Partout, à tous les niveaux, les écoles et les établissements subissent donc fermetures et suppressions. Partout, à tous les niveaux, nos collègues ont beau crier leurs difficultés et leurs inquiétudes, en vain. Chaque terrain d’exercice, chaque unité de travail, chaque discipline enseignée porte la marque profonde d’un service public dégradé, contraint d’abandonner ses ambitions. La situation de l’enseignement de l’EPS dans les collèges de l’Essonne est, de ce point de vue, emblématique. Alors que la rentrée 2021 accueillait 800 élèves supplémentaires avec trois professeurs d’EPS en moins, les 624 élèves supplémentaires comptabilisés cette année en collège n’ont bénéficié que de 4 professeurs d’EPS en plus ; poursuivant ainsi la dégradation du taux d’encadrement professeur avec, en deux ans, pour près de 1500 élèves en plus, un seul poste de professeur d’EPS supplémentaire. Pourtant tout le monde est aujourd’hui d’accord pour dire que la pratique physique sportive et artistique est un enjeu social et culturel incontournable pour le développement et la réussite scolaire de nos élèves. Or, les politiques éducatives actuelles menées autour de l’EPS et du sport scolaire ne sont malheureusement pas à la hauteur de cet enjeu. Après le flop du « 2S2C » la mise en place à titre expérimental du dispositif « 2h de sport supplémentaire » proposée dans 7 collèges essonniens cette année, montre combien la politique gouvernementale est éloignée de notre volonté d’améliorer les conditions d’apprentissage et de réussite de tous les élèves. Renforcer les horaires de l’EPS, seul lieu de pratique physique artistique et sportive obligatoire pour tous et toutes, en les portant à 4h par semaine sur toute la scolarité, nous semble être la meilleure voie de progression possible. Nous ne parviendrons à infléchir la tendance actuelle, d’accroissement des inégalités sociales dans la pratique sportive et du développement inquiétant de la sédentarité des jeunes générations qu’en augmentant les temps d’enseignement d’EPS pour tous les élèves. Cette analyse pourrait malheureusement être faite peu ou prou pour toutes les disciplines.
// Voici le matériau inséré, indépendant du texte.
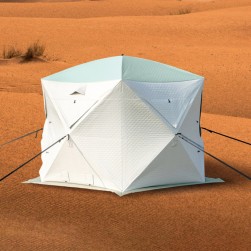 DPT, Camping Tent, Green, Size294*280*207Cm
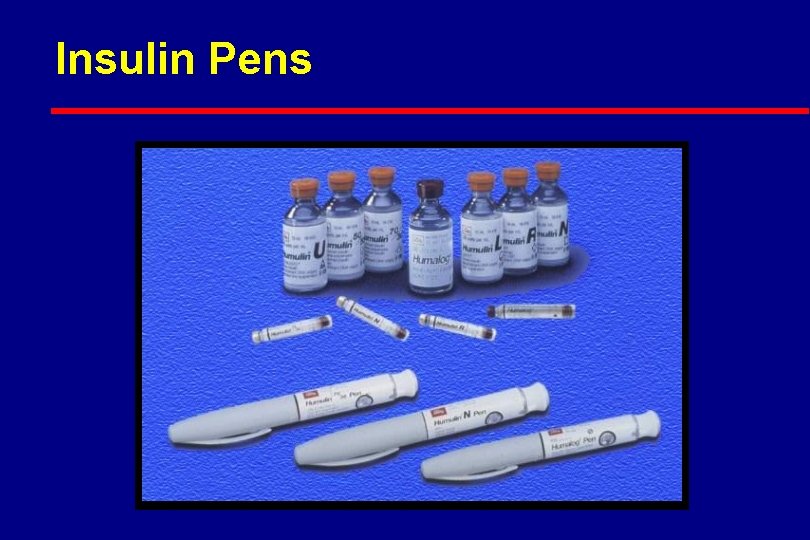 Insulin Pens 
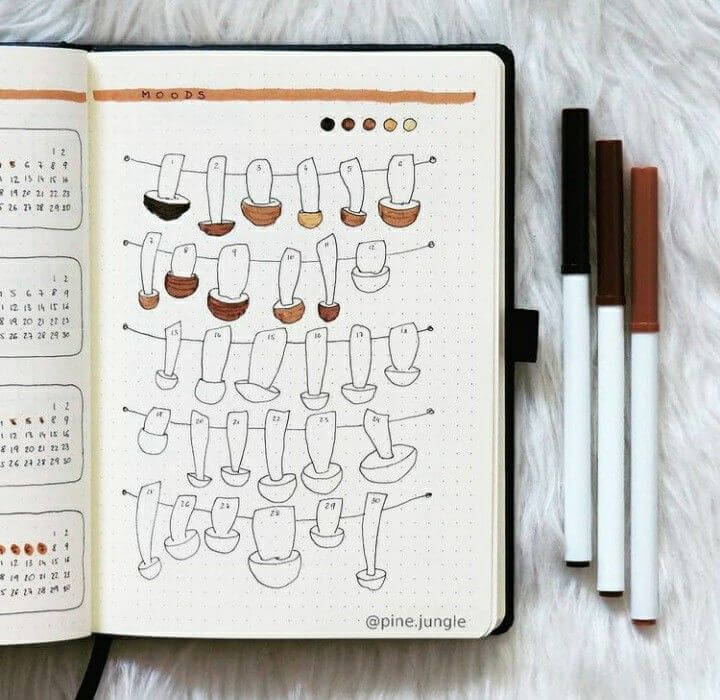 September bullet journal ideas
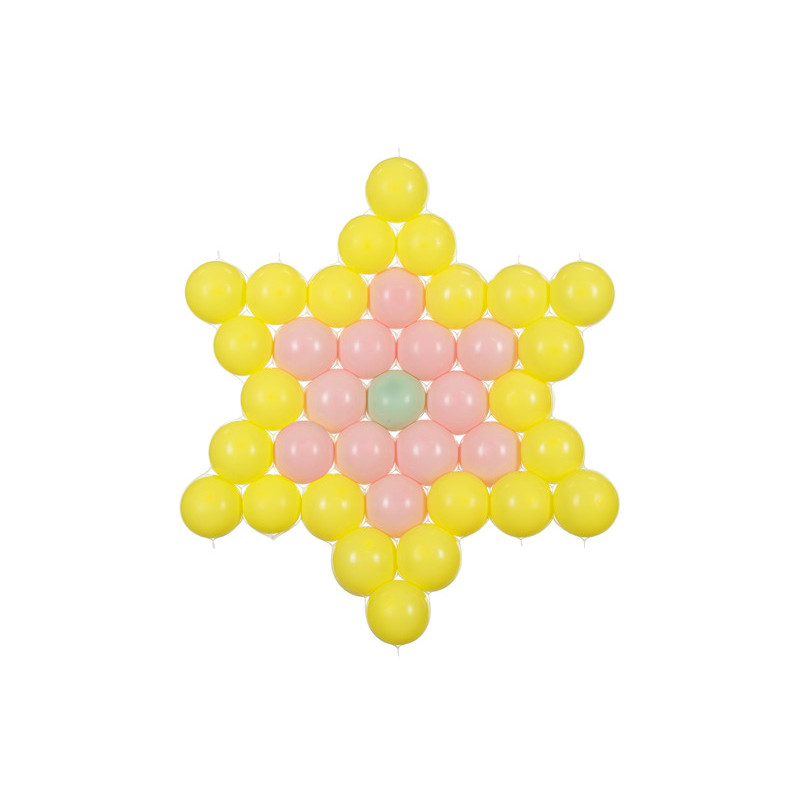 Star Balloons Mesh, 63x68 cm Star Balloons Mesh, 63x68 cm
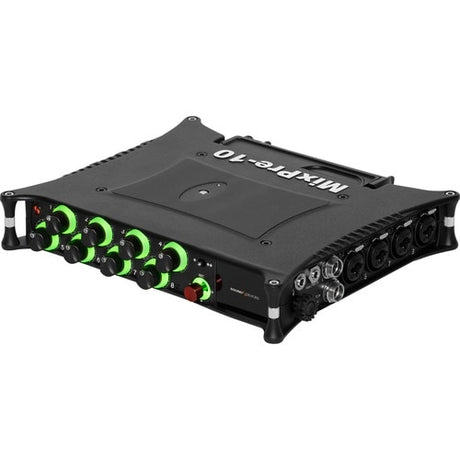 Sound Devices MixPre-10 II 32-Bit 10 Track Field Audio Recorder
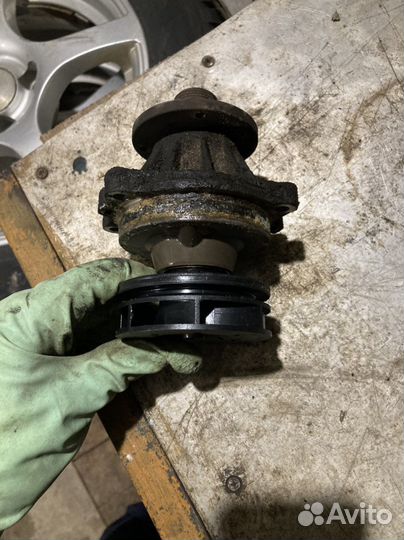 Помпа bmw m54 оригинал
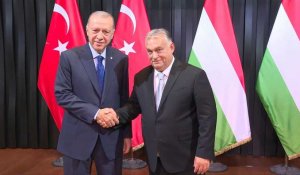 Viktor Orban reçoit le président turc Erdogan à Budapest
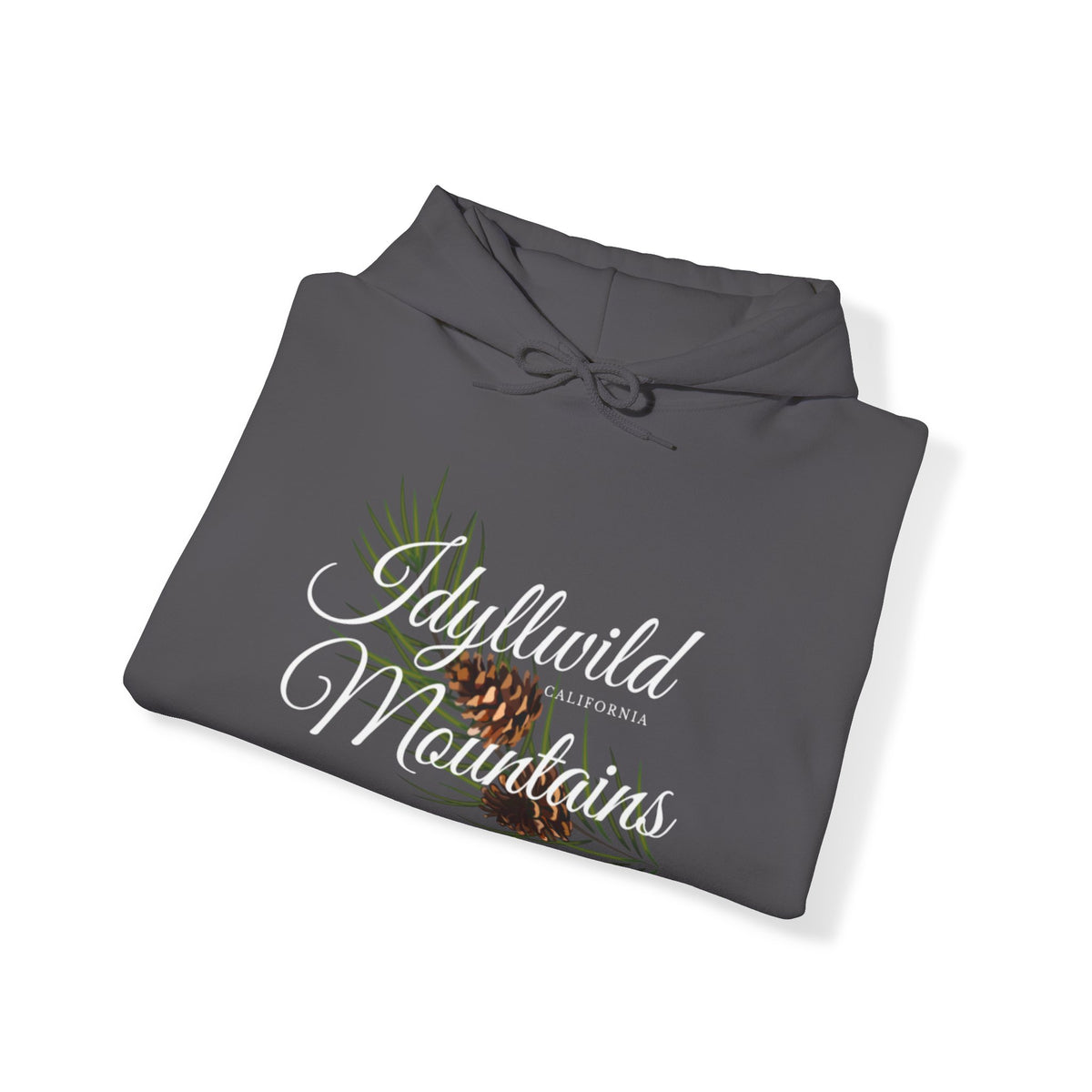 Idyllwild Mountains Pine Cone Hoodie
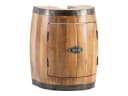 massivum Weinregal Waschbeckenunterschrank Barrel Braun Bild 2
Parallèlement, depuis le début du mois de juillet, la FSU 91 a fait l’affreux constat de centaines d’élèves essonniens non affectés, dont le chiffre réel a toujours été tu. À la fin de l’année scolaire, on entend pourtant parler d’environ 900 élèves laissés sur le carreau, désireux de suivre une voie professionnelle ou demandant une 1ère STMG… L’été n’a malheureusement rien arrangé. À la rentrée, toujours autant de jeunes en attente, et trois semaines plus tard c’est encore plusieurs centaines qui sont sans place et se retrouvent au ban de l’école. Celles et ceux qui, par chance, ont pu être scolarisé.es, ont en réalité été contraint.es soit de changer de filière, soit de redoubler, soit de se rendre dans un établissement très éloigné de leur domicile. Cette situation ne peut que dégrader encore les établissements du département, les collèges comme les lycées, qui connaissent déjà une rentrée extrêmement difficile. La FSU, avec l’intersyndicale et les fédérations de parents, a signé un communiqué dénonçant cette situation et a demandé une audience. Celle-ci a eu lieu le mardi 11 octobre et a mis au jour non sans une certaine cruauté le cynisme de notre système. Pour justifier ce scandale, on nous oppose la pression démographique qui accentue ce qui existe déjà chaque année mais dans une moindre mesure. Pour motiver le refus d’ouvrir davantage de places en voie professionnelle, on nous répond qu’il faut faire correspondre la carte de formation avec les capacités d’insertion professionnelle du territoire. Pour régler la question de la filière STMG, on nous dit qu’il faut travailler autrement sur l’orientation, malgré le manque de Psy-EN et la fusion des CIO dans l’Essonne. Et pour couronner le tout, on nous vante les mérites d’un nouveau dispositif ouvert au Lycée Clément Ader à Athis-Mons et au Lycée Brassens à Évry-Courcouronnes : la classe Avenir ! Cette classe réunira des élèves non affectés en voie professionnelle et leur permettra de construire tout au long de l’année un projet d’orientation à travers des stages dans des milieux professionnels variés. Ne soyons pas dupes : si ce mode de scolarisation leur offrira un passage en 1ère pro à la rentrée 2023, il aura surtout pour objectif de gérer des flux pour contraindre les choix des familles en fonction des besoins économiques du département.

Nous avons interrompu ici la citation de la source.